Credit cards can become inactive for several reasons. If you haven’t used your credit card in several months, or years even, the credit card issuer may deactivate your credit card. Or, if you’ve fallen behind on your payments, your purchasing privileges may be suspended. Your credit card may have expired and you haven't received a new one.
The simplest way to clear up any question about whether your credit card is still active is to call your credit card issuer and ask. Call the number on the back of your credit card to contact customer service and the customer service representative will be able to give you the status of your account.
If, for some reason, you don’t want to call customer service, you can test your credit card’s status by using it to make a purchase.
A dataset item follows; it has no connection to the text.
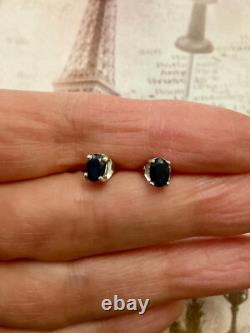 Antique Solid Silver Earrings with Genuine Gold and Blue Sapphire, 1 Carat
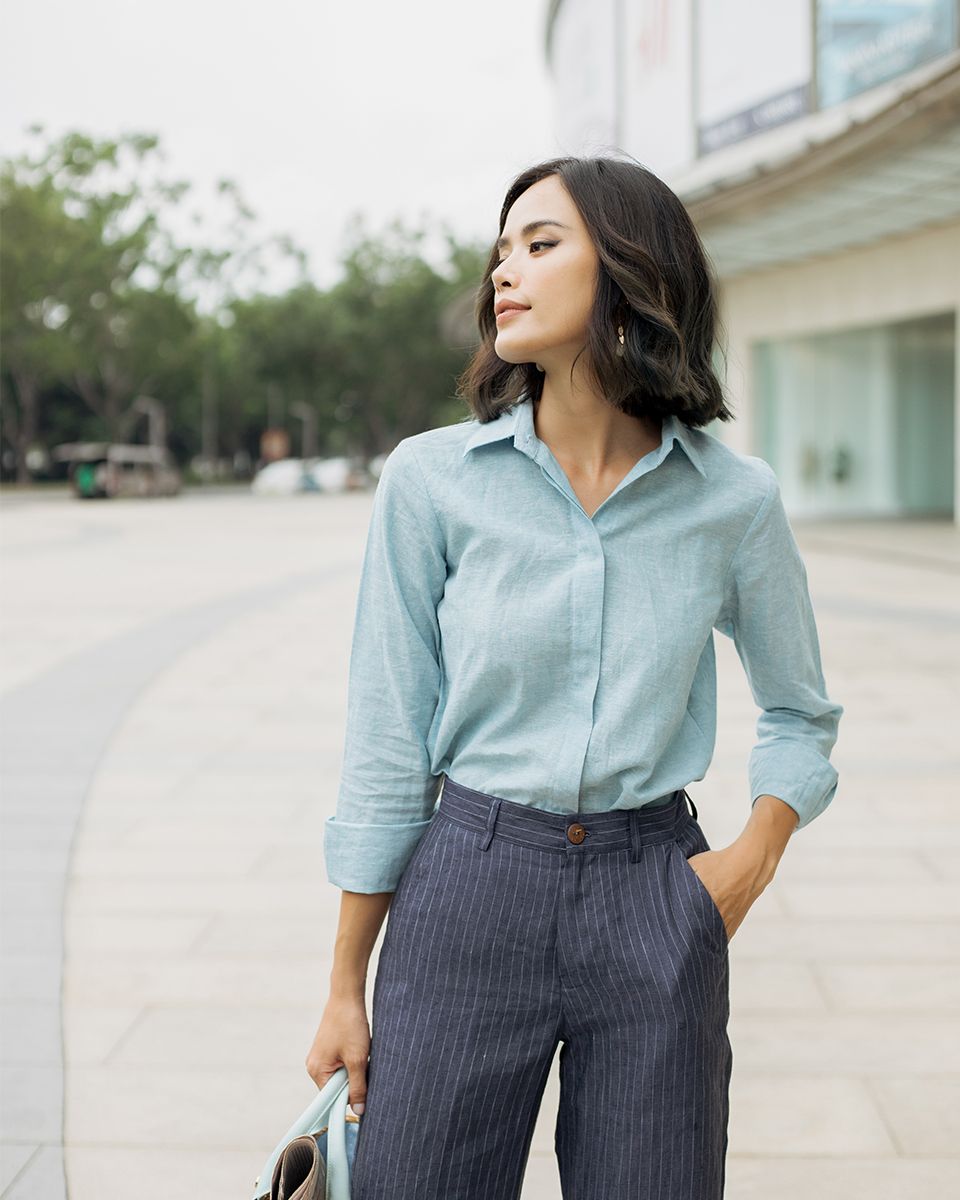 Áo Sơ Mi Linen Xanh Pride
A declined card would be a sign that your card is no longer active. However, it’s wise to carry a backup payment method in your wallet just in case your suspicions about an inactive credit card are true.
What if you lost or misplaced the credit card a long time ago and you don't remember the credit card number? You can get the card issuer’s number from their website and give them your social security number to locate your account. (Make sure you're at the correct website before giving out your personal information.) The card issuer can send you a replacement credit card if your account is still active.
Finally, your credit report can give you an idea about your credit card status. Credit card issuers generally report credit card status to the credit bureaus throughout the month. If your credit card is closed, your credit report will probably reflect that. It won't, however, tell you why your account was closed. You'll have to contact your former credit card issuer to get that information.
Some inactive credit cards can be reactivated by just calling your credit card issuer an asking. You may have to catch up on a delinquent balance before you'll be allowed to use your credit card again. Unfortunately, if your card is completely closed, you may not be able to open it up again, especially if it was closed because of a delinquency.